Oh good grief. I'm working on standing up a new web server to take the place of alpha and beta (the original pair, huddling in my sister's basement at the faaaaar end of a DSL line). I had scrounged disks, an enclosure, and an old RAID card ... all obsolete by present standards but more than enough for my needs.

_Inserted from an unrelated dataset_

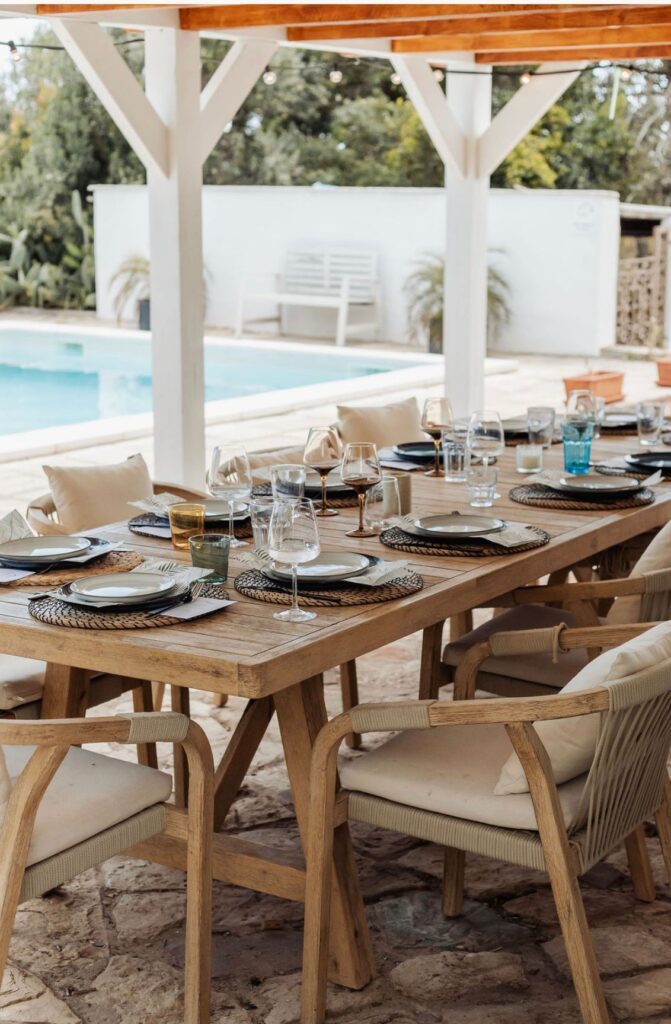 terras eettafel en pool Portugal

I got the hardware configured and the OS built. It all looked pretty good, except that the machine would halt and stutter like an old man with Parkinson's. And the syslog had all sorts of ominous entries in it like this:

Feb 24 12:55:54 solstice kernel: scsi : aborting command due to timeout : pid 13
9871, scsi0, channel 0, id 0, lun 0 0x2a 00 01 04 0c b4 00 00 80 00
Feb 24 12:55:54 solstice kernel: scsi : aborting command due to timeout : pid 13
9872, scsi0, channel 0, id 0, lun 0 0x2a 00 01 04 0d 34 00 00 80 00

One of the disks was going bad. Once I looked at the disk enclosure that status lights made that plain toot sweet.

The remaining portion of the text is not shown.